Global telescope array to deliver 1st-ever black hole image by 2018

Global telescope array to deliver 1st-ever black hole image by 2018

An array of radio telescopes scattered around the world may soon produce the first-ever image of a black hole. The experiment would also serve as a test for Einstein's theory of general relativity.

The Event Horizon Telescope (EHT) project comprises many radio telescope sites scattered around the world, from the South Pole to Chile, Hawaii, and the French Alps. They will all point at the center of our galaxy, the Milky Way, to observe the surroundings of the supermassive black hole called Sagittarius A* located there.

The signals from all the sites would then be combined using a technique called very-long-baseline interferometry (VLBI), which would effectively turn the array into one Earth-sized radio telescope. It would have a resolution of 50 microarcseconds – good enough to see a grapefruit on the surface of the Moon, or the black hole 26,000 light-years away.
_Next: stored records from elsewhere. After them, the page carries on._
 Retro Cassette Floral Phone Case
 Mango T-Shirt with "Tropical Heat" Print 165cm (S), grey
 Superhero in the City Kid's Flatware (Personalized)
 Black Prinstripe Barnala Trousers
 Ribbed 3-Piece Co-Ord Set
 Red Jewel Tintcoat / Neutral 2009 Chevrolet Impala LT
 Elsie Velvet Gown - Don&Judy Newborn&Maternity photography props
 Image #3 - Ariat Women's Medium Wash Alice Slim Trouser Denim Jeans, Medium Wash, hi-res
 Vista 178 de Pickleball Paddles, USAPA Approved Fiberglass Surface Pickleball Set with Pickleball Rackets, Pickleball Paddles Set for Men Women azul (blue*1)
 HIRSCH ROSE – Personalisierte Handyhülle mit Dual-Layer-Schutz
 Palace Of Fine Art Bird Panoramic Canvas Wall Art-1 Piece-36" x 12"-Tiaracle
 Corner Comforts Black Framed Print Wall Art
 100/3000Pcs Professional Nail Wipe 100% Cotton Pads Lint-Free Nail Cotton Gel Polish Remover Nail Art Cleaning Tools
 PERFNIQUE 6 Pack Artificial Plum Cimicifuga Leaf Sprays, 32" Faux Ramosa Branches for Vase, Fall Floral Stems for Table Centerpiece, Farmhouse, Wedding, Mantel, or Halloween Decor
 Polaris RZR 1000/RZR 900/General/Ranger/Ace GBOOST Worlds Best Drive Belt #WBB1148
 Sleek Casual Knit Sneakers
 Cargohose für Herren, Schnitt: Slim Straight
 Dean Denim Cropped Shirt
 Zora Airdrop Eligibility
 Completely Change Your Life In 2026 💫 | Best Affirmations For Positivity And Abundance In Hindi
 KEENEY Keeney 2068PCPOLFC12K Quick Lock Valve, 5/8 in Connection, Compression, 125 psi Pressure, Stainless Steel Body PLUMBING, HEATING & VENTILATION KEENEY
The EHT won’t observe the black hole directly, because by its nature it doesn’t allow any EM radiation to escape its event horizon, but it would pick up chaotic radio waves emitted by gas and dust particles as they fall on Sagittarius A*.

The experiment is to start on April 5-14 and, if successful, would produce the first-ever image of a black hole later this year or in early 2018, reported Science Direct reported

The team behind the telescope will be focusing on radio waves with a wavelength of 1.3mm (230 GHz) for the black hole, which gives them the best chance of cutting through the dust cloud around Sagittarius A*.

“We've been fashioning our virtual telescope for almost two decades now, and in April we're going to make the observations that we think have the first real chance of bringing a black hole's event horizon into focus,” project leader Sheperd Doeleman from the Harvard-Smithsonian Center for Astrophysics in Cambridge, Massachusetts, told the BBC.

The image the researchers expect to see is not a bright ring around a dark blob, as one would assume, but rather a crescent. This is because the ‘Doppler effect’ makes light emitted by material moving towards the observer appear much brighter.

The team plan to compare their measurement of the shadow cast by the black hole and compare it to the prediction based on Einstein's theory of general relativity. If they find any contradictions, it would disassemble much of our understanding of physics.

“As I've said before, it's never a good idea to bet against Einstein, but if we did see something that was very different from what we expect we would have to reassess the theory of gravity,” Doeleman said.

“I don't expect that is going to happen, but anything could happen and that's the beauty of it,” he continued.